Chapitre 26 : Veille

— T'as une sale gueule, remarquait Neik.

Kira lui jeta un regard de travers alors qu'ils arrivaient dans le sous-sol du château.

— Je veux dire que tu as l'air fatigué, c'est tout, disait-il en levant les mains dans un mouvement d'apaisement.

— Je dors mal.

Elle ne dormait pas assez surtout. Mais, il était hors de question qu'elle lui parle d'Orestt et de ses tentatives vaines de le retrouver depuis maintenant trois jours. L'intrus avait tout bonnement disparu sous ses yeux pour ne plus être aperçu dans le palais.

Cela aurait pu être une bonne nouvelle si Kira n'avait tout simplement pas l'impression qu'il soit parti et se faisait juste plus discret. Maintenant qu'il connaissait bien le château, il pouvait bien toujours être là clandestinement. Et si quelqu'un d'autre qu'elle lui mettait la main dessus, elle pourrait avoir des problèmes.

— Peut-être que tu devrais aller voir le guérisseur... commençait l'homme.

La brune secouait la tête, hors de question.

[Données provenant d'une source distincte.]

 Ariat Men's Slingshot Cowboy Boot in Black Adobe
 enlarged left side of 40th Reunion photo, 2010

— Ça va passer, ne t'inquiète pas.

Neik haussa les épaules, quittant le champ de vision de la jeune femme pour rejoindre son dragon. Kira se dirigea alors vers la grande cavité qui abritait Maraxès.

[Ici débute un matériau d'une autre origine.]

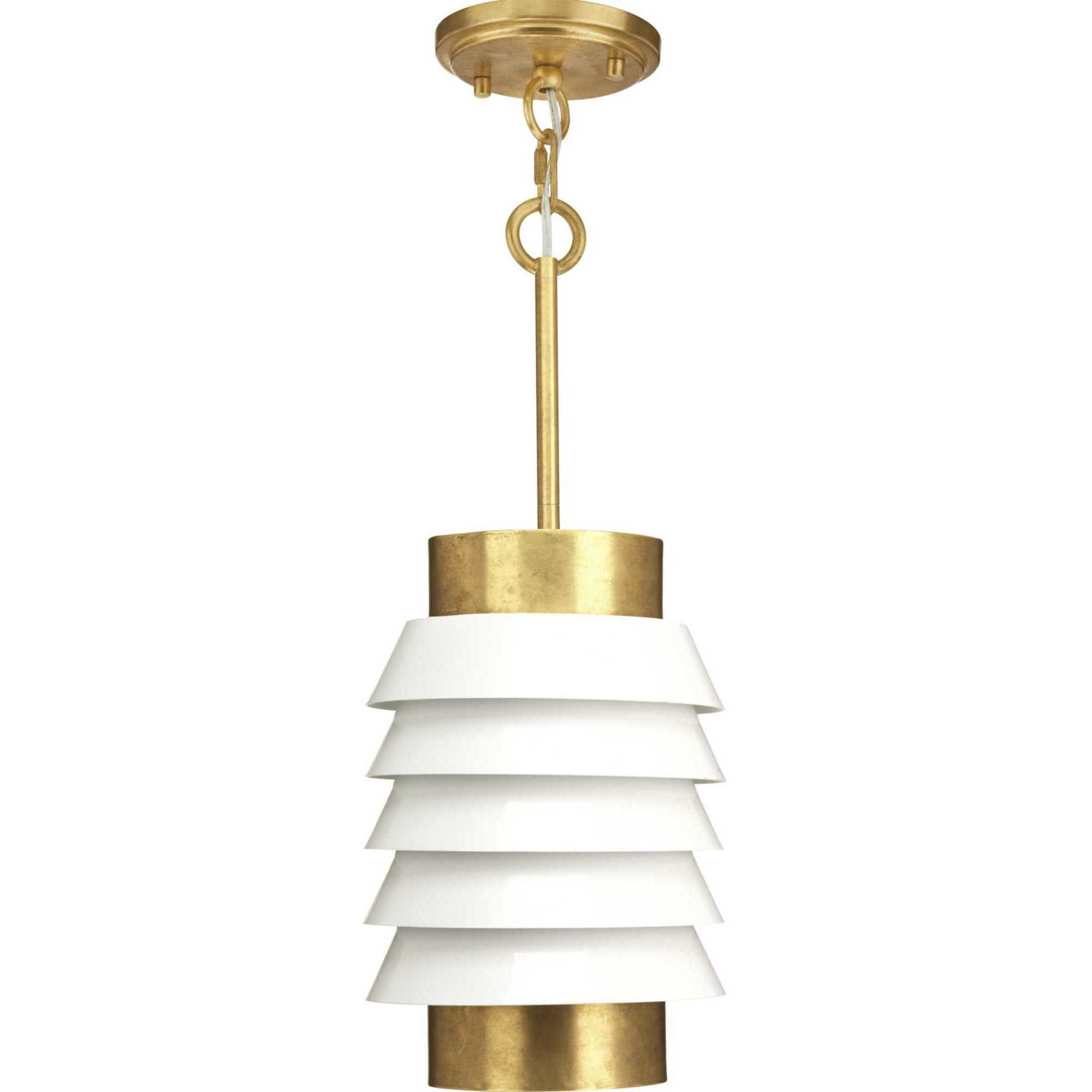 Railay Beach 1 Light 8 inch Brushed Brass Pendant Ceiling Light, Design Series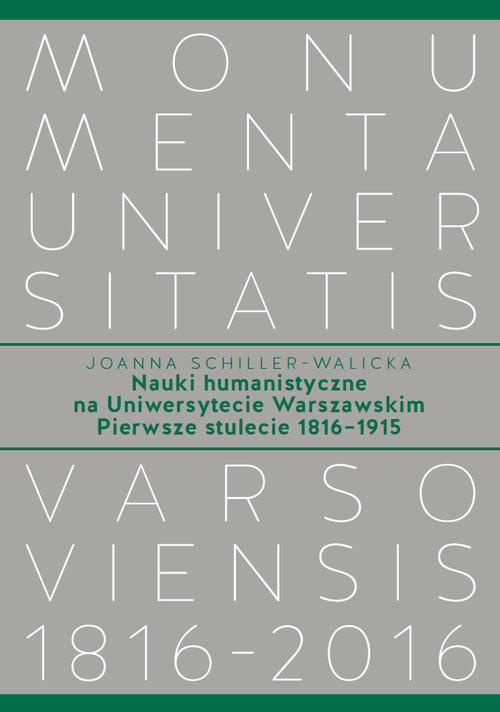 Обкладинка книги з назвою:Nauki humanistyczne na Uniwersytecie Warszawskim. Tom 1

Mais, alors que la dragonne déroulait son long corps écailleux, la Wesi aperçut une silhouette sur sa gauche. Kira rejoignit le reptile l'air de rien, derrière elle, elle entendait Neik lui lancer :

— J'y vais, tu me suis ?

Les deux bras levés, elle lui signa qu'elle arrivait en espérant qu'il se souvenait des gestes, tout en continuant son avancée le plus naturellement possible. Elle entendit le dragon du chevalier sortir des sous-sols, battant furieusement des ailes pour prendre de l'altitude, et lorsqu'elle fut sûre qu'elle ne serait pas dérangée, Kira se tourna vers l'ombre qui n'avait pas bougé.

Appuyée contre la roche humide, elle semblait attendre que la chevalière s'approche.

Ce qu'elle fit. La main sur le pommeau de sa grande épée, Kira avança de quelques pas dans sa direction.

— J'ai vu que tu me cherchais, disait l'homme.

« Qui est-ce ? » demandait Maraxès dans son esprit.

« Un intrus. »

Le dragon sortait de sa grotte pour suivre sa chevalière. Devant l'apparition du reptile, Orestt ne broncha pas. Maintenant qu'elle voyait son visage et qu'elle était sûre d'à qui elle avait affaire, Kira tira sa lame de son fourreau dans un chuintement.

— Du calme, je veux juste discuter.

— On a déjà discuté.

— Tu devrais arrêter de me chercher, tu t'abimes la santé pour rien. Je ne vais rien faire contre tes chers Sharaka. Je cherchais juste des informations. Informations que tu aurais pu m'aider à trouver pour que je parte plus vite d'ailleurs...

— Ce ne sont pas mes chers Sharaka ! articulait-elle alors qu'il continuait de parler.

— Pourtant, tu m'as l'air bien fidèle. Au point de me traquer depuis trois jours.

Elle ne répondait pas, Maraxès grondait doucement derrière elle. Il souriait.

— J'ai touché une corde sensible ?

— Qu'est-ce que tu me veux ?

— Si tu veux tout savoir, tes yeux me font penser à ceux d'une amie et j'avais espéré que tu en serais une aussi. Peut-être me suis-je trompé...

La jeune femme fronça les sourcils, c'était quel genre de raison ça ? Ce type était complètement taré.

— Oui, tu t'es trompé.

« Que fait-on, Kira ? Nous ne pouvons pas tarder plus. Neik va s'inquiéter. »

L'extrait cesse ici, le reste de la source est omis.